Journal article on the perception of user-work in AI training in Aeoteroa

New article published on open access licence on Taylor & Francis’ Kōtuitui: New Zealand Journal of Social Sciences Online. In the article, that I co-authored with a team of colleagues at Waipapa Taumata Rau (The University of Auckland), we investigate various perspectives on user-labour in AI training.

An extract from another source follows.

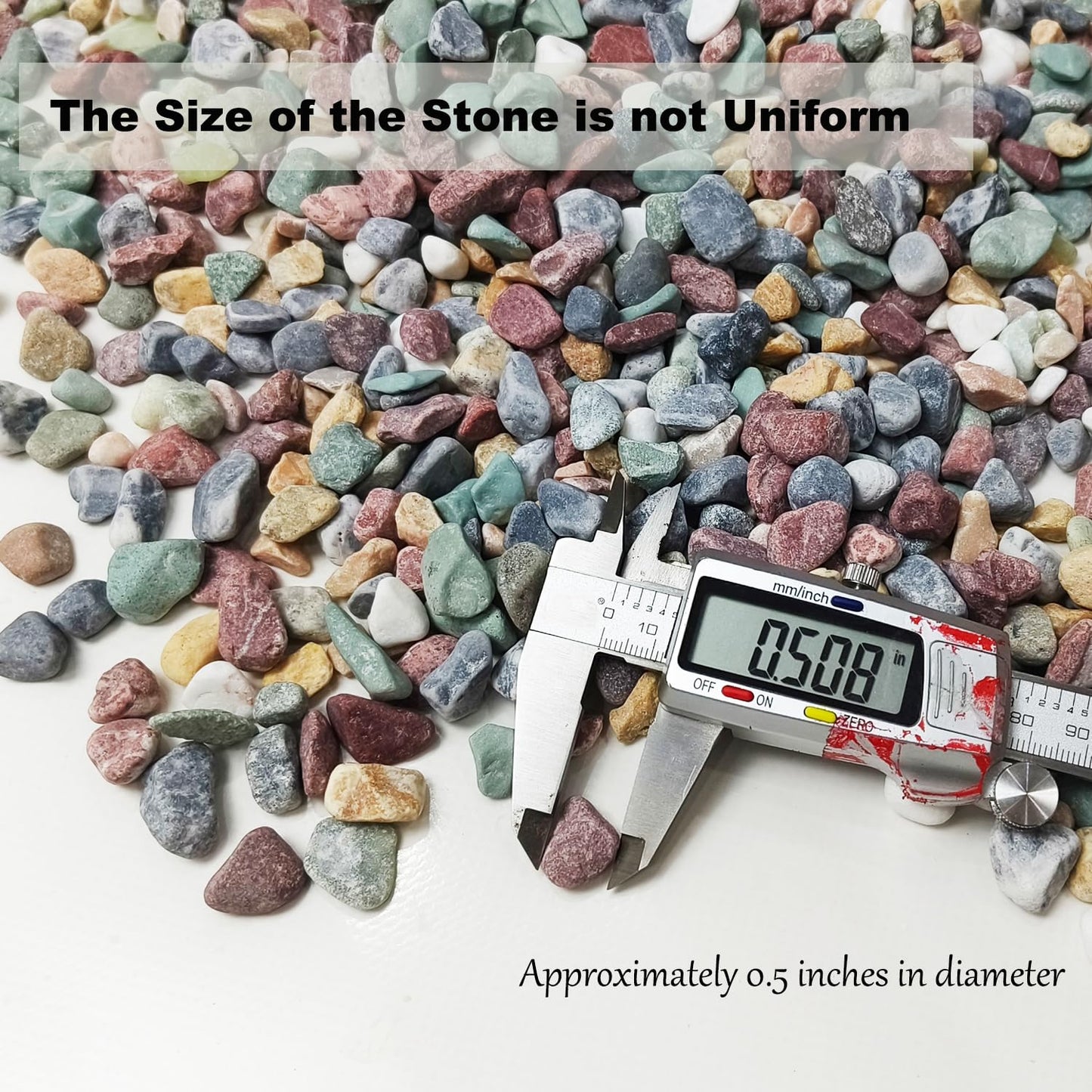 5LB Succulents Rocks for Plants Cactus Gravel Pebbles for Fish Tank 1/2 Inch Natural River Rocks for Vase, Aquarium, Landscaping,Bonsai,Terrarium Pebbles, Mixed Color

Hidden humans: exploring perceptions of user-work and training artificial intelligence in Aotearoa New Zealand
Briony Blackmore, Michelle Thorp, Andrew Tzer-Yeu Chen, Fabio Morreale, Brent Burmester, Elham Bahmanteymouri, Matt Bartlett

Artificial intelligence systems require large amounts of data to allow them to learn and achieve high performance. That data is increasingly collected in extractive and exploitative ways, which transfer value and power from individuals to AI system owners. Our research focuses on data that is collected from users of digital platforms, through direct and indirect interaction with those platforms, in ways that are not communicated to users, without consent or compensation. This paper presents our findings from a series of interviews and workshops in the Aotearoa New Zealand context to identify common themes and concerns from a variety of perspectives. Reframing this type of interaction as work or labour brings into view an otherwise unrecognised harm of using this data for training AI systems, and illustrates a new class of exploitative data practices that have become normalised in the digital age. We found that participants particularly emphasised moral or ethical justifications for intervention over financial or economic reasons to act.